Thursday, December 14, 2006

So I owe you a post...

How about this for a Rob post:
I hate customers.
How's that?

No seriously. People, it's the holidays. Every where you go is going to be crazy. Be nice to the people who don't get paid enough at retail stores. Here's a guy that I don't know who made a post that I would love to have made myself. Its about standing up for retail people/waiters when they've got unreasonable customers being bastards. The guy in his post talks about how the phrase "The customer is always right" has lead to the downfall of civility in America... and I agree. I had a guy patronize me at work today and I silently wished him to die in a fire.

What? Don't tell me that's too harsh. There's a special place in hell for people who are unnecessarily rude to employees. I was just hoping to give him a bit of a warm up for the rest of his eternity. Basically he complained to a manager because I didn't readily know how to ring up his $3 off coupon for his Superman Returns movie. Lets get this straight, I was helping to check out people because I was being nice. And he was a tool.

My other awesome conversation went like this on a phone.

Me: Best Buy Computers, this is Rob, how may I help you?
Her: Yeah, I bought a computer/printer package yesterday...
Me: Ok.
Her: Yeah and I didn't get my remote control.
Me: Remote control for what ma'am?
Her: My printer.
Me: There's no remote control for that printer...
Her: THEN WHY is there a picture of one here.
Me: Ma'am, none of our printers come with remote controls.
Her: If there's "NO remote" control, WHAT exactly am I looking at?
Me: . . .
Her: . . .
Me: . . .
Her: HELLO?!?!?
Me: Wait, are you serious? Ma'am I don't have the slightest idea what you're looking at right now...
Her: Fine. You know what? Let me talk to that Geek Squad.
Me: Sure thing. [Transfers the crazy lady to be someone else's problem]

Maybe she's just new to this whole telephone thing. Maybe she thought I was like Miss Cleo. Maybe she's freshly ridden the White Pony.... I don't know.
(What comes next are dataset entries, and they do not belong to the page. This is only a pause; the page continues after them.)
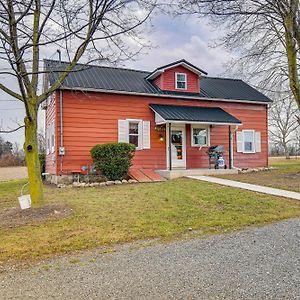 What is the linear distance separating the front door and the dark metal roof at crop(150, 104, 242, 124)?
3.04 feet

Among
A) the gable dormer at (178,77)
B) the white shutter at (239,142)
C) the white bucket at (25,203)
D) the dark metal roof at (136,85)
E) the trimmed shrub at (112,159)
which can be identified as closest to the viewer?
the white bucket at (25,203)

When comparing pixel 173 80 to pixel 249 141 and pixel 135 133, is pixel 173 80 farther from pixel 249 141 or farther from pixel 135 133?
pixel 249 141

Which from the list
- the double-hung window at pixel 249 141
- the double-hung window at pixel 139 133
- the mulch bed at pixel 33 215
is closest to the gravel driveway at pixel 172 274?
the mulch bed at pixel 33 215

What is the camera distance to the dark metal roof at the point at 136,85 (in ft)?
46.4

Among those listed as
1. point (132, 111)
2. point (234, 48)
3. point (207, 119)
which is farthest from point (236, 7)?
point (132, 111)

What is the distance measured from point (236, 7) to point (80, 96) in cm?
755

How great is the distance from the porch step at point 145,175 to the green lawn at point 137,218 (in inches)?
133

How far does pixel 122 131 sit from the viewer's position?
14555mm

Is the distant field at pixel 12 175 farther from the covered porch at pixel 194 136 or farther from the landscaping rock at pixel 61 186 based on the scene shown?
the covered porch at pixel 194 136

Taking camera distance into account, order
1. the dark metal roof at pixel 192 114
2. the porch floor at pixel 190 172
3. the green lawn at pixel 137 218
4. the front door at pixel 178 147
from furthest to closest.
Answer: the front door at pixel 178 147 < the dark metal roof at pixel 192 114 < the porch floor at pixel 190 172 < the green lawn at pixel 137 218

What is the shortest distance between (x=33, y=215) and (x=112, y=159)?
6.01m

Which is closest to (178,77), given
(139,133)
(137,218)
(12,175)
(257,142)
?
(139,133)

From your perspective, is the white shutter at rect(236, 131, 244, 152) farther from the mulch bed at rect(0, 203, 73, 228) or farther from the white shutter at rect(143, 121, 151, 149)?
the mulch bed at rect(0, 203, 73, 228)

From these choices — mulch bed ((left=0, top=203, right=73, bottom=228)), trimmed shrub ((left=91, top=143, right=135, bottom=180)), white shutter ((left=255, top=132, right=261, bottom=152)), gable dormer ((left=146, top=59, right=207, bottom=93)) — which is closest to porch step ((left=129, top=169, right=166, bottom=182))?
trimmed shrub ((left=91, top=143, right=135, bottom=180)) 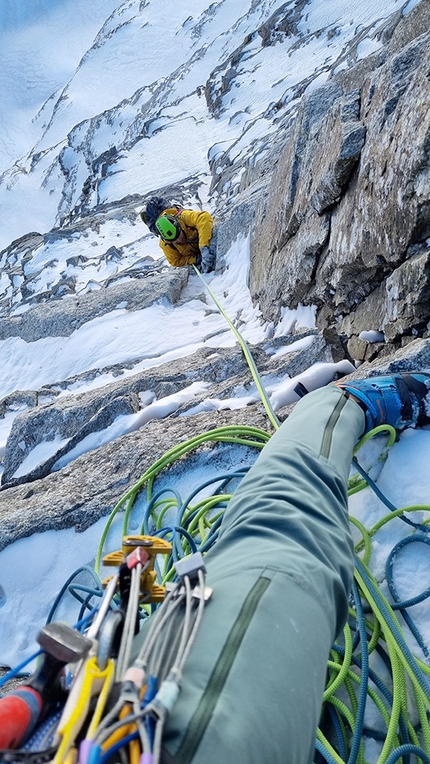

But this made my day. Ro and I came back from the store to find this jackass parked like... (You know this one Scott...) like an idiot. So we let the world know how we felt.


8 comments:

Jake said...

If you love workers so much, why don't you just wrap yourself in a red flag and join Comintern, comrade?!?

Josh said...

Ahhh, it warms the heart, good to hear you binary voice again sir.

Anonymous said...

How about a phone call with some lady asking about a computer based on looks.

"well... it's metallic looking."
"Ma'am, all the HPs are sliver."
"No, but it doesn't have like an oak finish."
"We don't even have any that have an oak finish."
"But you could look it up online, right?"
"Only if you have the model number or a description of it."
"It's metallic."
long pause
"Oh and also it's around $150"
"I've never seen an HP for that price. Long pause. But I will go try to find it."
hold for a while...
I stare at the register.
Joe comes by I whisper the story, he picks up the phone...
"Ma'am, we're sold out of that model."

That same day, a woman cried on the phone to me because she didn't have enough money to buy a computer package and didn't believe me that we would still have that same model after christmas and in stock at some point. She refused to consider the credit card as an option, because she's "never had to sign up for one before."

What a day...

Good luck with the rest of the season!

~c

Anonymous said...

don't you love working in retail?? You seem to have way more interesting customers then I ever had at Hallmark or Gloria Jeans...however, I always liked at the GJ the "hicks" that would come in and order a cappacino in their best redneck voice talking between their tooth....(no offense to any hicks out there)

"you gave me the wrong drink"
"what did you order?"
"I ordered a cappuccino"
"Sir/Ma'am that is a cappuccino"
"No it just tastes like coffee"
"That's how a cappuccino tastes"
"No it ain't"
"Yes it is"
"No it's supposed to taste sweet"
"Well a cappuccino is a shot of espresso with steamed milk"
"That's not how they taste at the GAS STATION!"
"The gas station is just hot water with sugar and caffeine"
"Well I want that!"
"Sorry, we don't serve crap, we are a C-O-F-F-E-E shop" (so many times I wish I could of said that)

At Hallmark, the best was the day after Christmas with all the little old blue haired ladies fighting over the last ornament or roll of wrapping paper that was now 50% off!